Selbstorganisation von Bewertung @latent_de @infinsternis
von Kusanowsky
Dieser Tweet vom 14. Mai 2013 durchläuft heute zufällig bei Twitter eine retweet- und fav-Kaskade. Stand 9. Dezember 2013, 17.55 Uhr: 150 Retweets und 274 Favorites; und es hört nicht auf.
Diesen Tweet hatte ich bei irgendwem abgeschrieben und vergessen. Nun wird er überraschend durch diese Twitter-Maschine gejagt.
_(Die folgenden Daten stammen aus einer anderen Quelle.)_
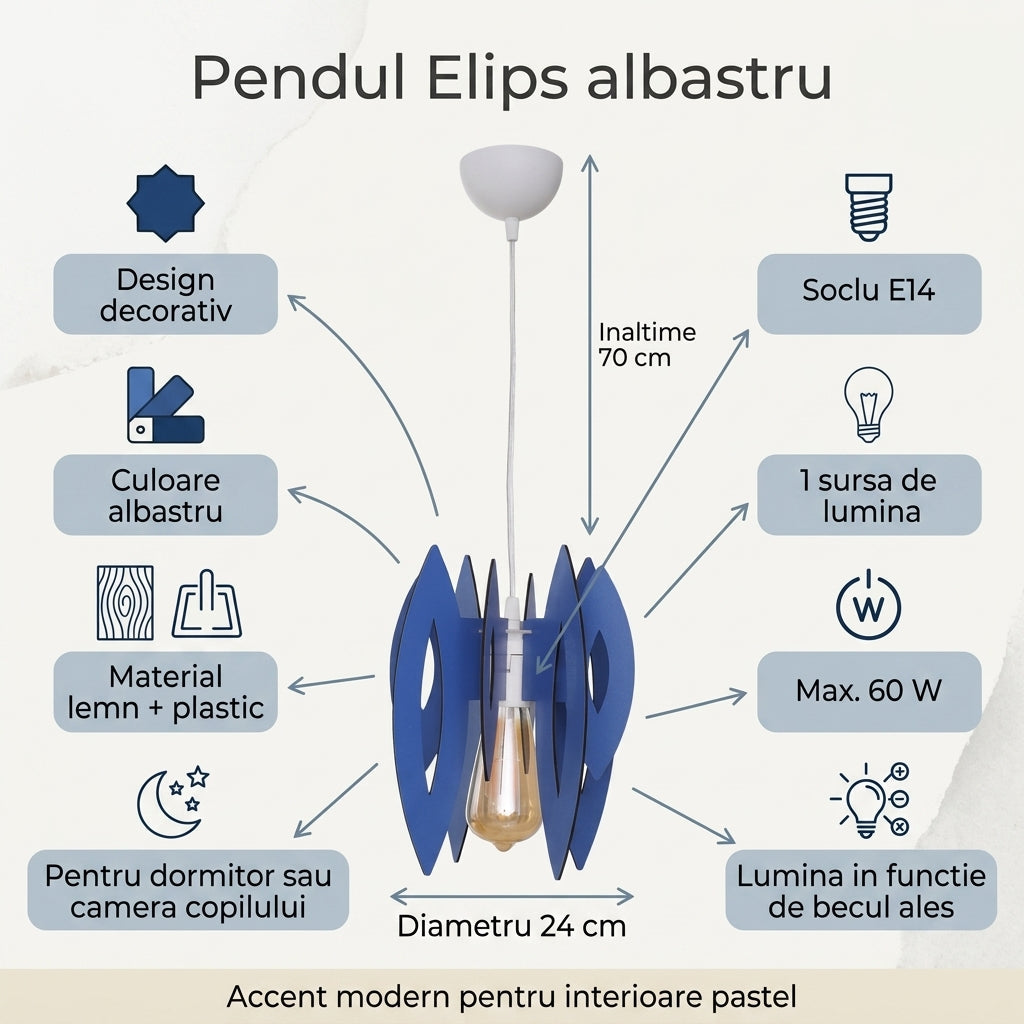 Pendul 1xE14 Elips Blue 70CM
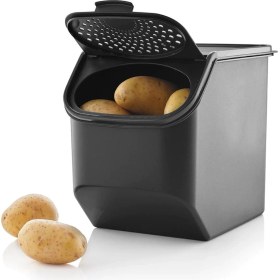 Resim Özbience 5,5 Lt Saklama Kabı, Patates ve Soğan Için Siyah Kırmızı Etiketli 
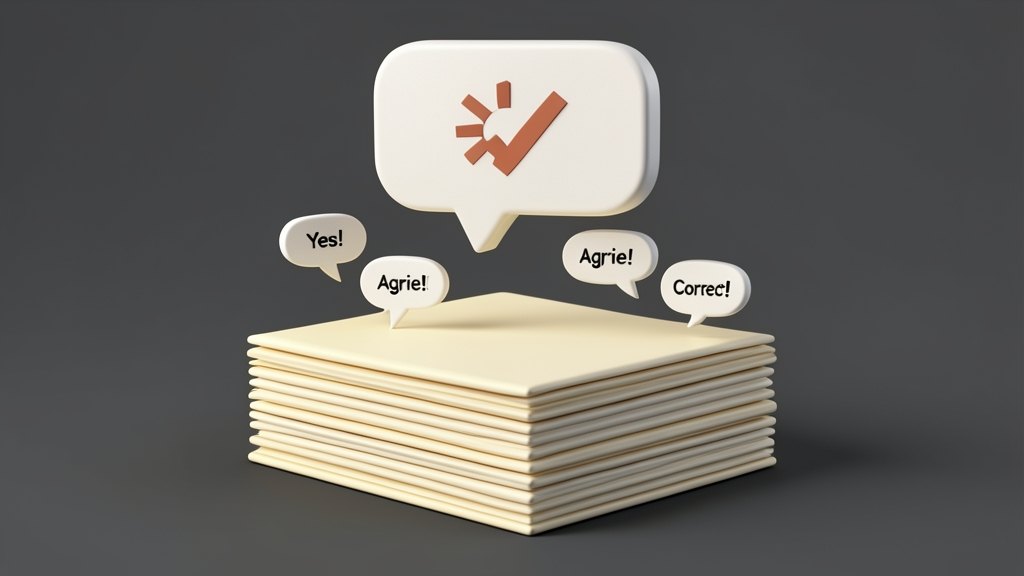 A stack of thick report pages with a chatbot speech bubble containing a checkmark floating above it, while five small identical speech bubbles below show sycophantic agreement mark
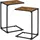luxuskollektion 2er-Pack Beistelltische Holz-Metall C-Form Wohnzimmer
Aus einer naiven Perspektive betrachtet könnte man vermuten, dass „mir“ aufgrund eines Plagiats nun mehr Aufmerksamkeit zuteil würde als demjenigen, von dem ich diesen kurzen Text abgeschrieben haben. Naiv ist das deshalb, da es nicht um mich geht, sondern um den Witz. Denn gerade die Vielzahl der Weiterverbreitungsoperationen beweist ja nicht, dass es darum geht, mich mit Aufmerksamkeit zu bedenken, sondern den Witz. Niemand, der diesen Witz weiterverbreitet, will zuvor wisssen wer ich bin oder ob ich diese Aufmerksamkeit, wenn sie mir denn etwas nützen könnte, zu recht verdiene.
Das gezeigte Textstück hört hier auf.